Simply supplementing with calcium may not be enough! The most popular form of calcium sold is
carbonate which is extremely hard to absorb. In many instances taking calcium is not helpful either
because the person may have absorption issues or hormonal inability to mobilize calcium. All of these
bases are covered here at our office.


Oral Ph Testing

Many experts agree that oral pH should be kept between 7.2 – 7.4. Oral pH conveys the pH balance of
the blood. Similar to the water in a fish tank for example. If the pH is not balanced, fish will begin to get
sick and die. Treating each individual fish does nothing. Once the pH of the tank is restored many of
the sick fish come back to health. Our bodies work in a similar manner. Anything below 7.2 is
considered acidic which is not good. Acidity in the body other than the gastro-intestinal tract and
urinary tract which have to be slightly acidic to function optimally makes people prone to disease,
cancers, and many other disorders similar to the fish in a fish tank when it is not taken care of.  An
acidic pH signifies a deficiency of alkaline ash minerals like calcium, potassium, magnesium and also
could be a lack of the essential fatty acids. We test for these deficiencies with functional tests that are
more sensitive than a blood test which could easily hide them.

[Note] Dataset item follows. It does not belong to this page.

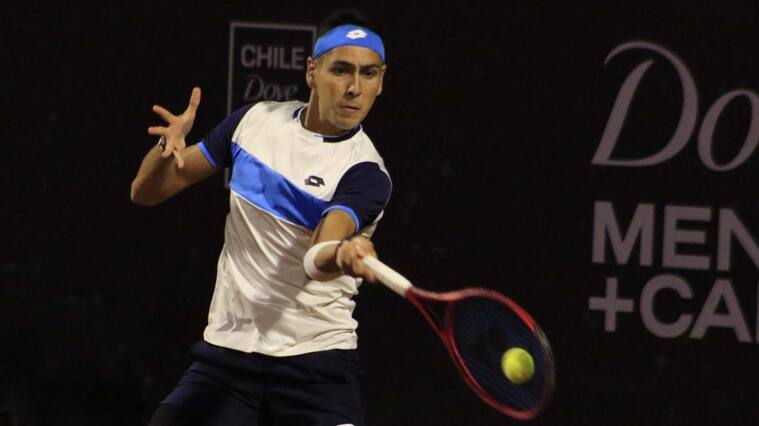 25 de Febrero 2020/ SANTIAGOAlejandro Tabilo (CH), durante el partido de la ronda 32 valido por la ATP 250 Santiago, realizado en las canchas de tenis del Club Universidad Católica en San Carlos de Apoquindo, ubicada en la Comuna de Las Condes
FOTO:MAURICIO MENDEZ/AGENCIAUNO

An acidic Oral Ph can result in:

•        Dental problems like cavities and gum disease
•        Tissues loosing calcium in an attempt to buffer the acidity
•        Difficulty transporting calcium into the tissues due to a lack of good fats
•        Inflammation
•        Nervousness
•        Anxiety, Air Hunger, Dehydration
•        Gastric Dysfunction
•        High Blood Pressure
•        Difficulties managing stress and immune system weakness
•        Premature aging and difficulties losing body fat


Zinc Test

Zinc test is an oral test used to determine zinc status in the body. 10 ml of zinc sulfate are held in the
mouth for 10 seconds. If immediate grimace and bitter metallic taste is detected, the zinc status is
adequate. If it tastes like water and then builds to a metallic taste, then zinc status may be borderline
or inadequate. If there is no metallic or bitter taste whatsoever, then zinc status is low.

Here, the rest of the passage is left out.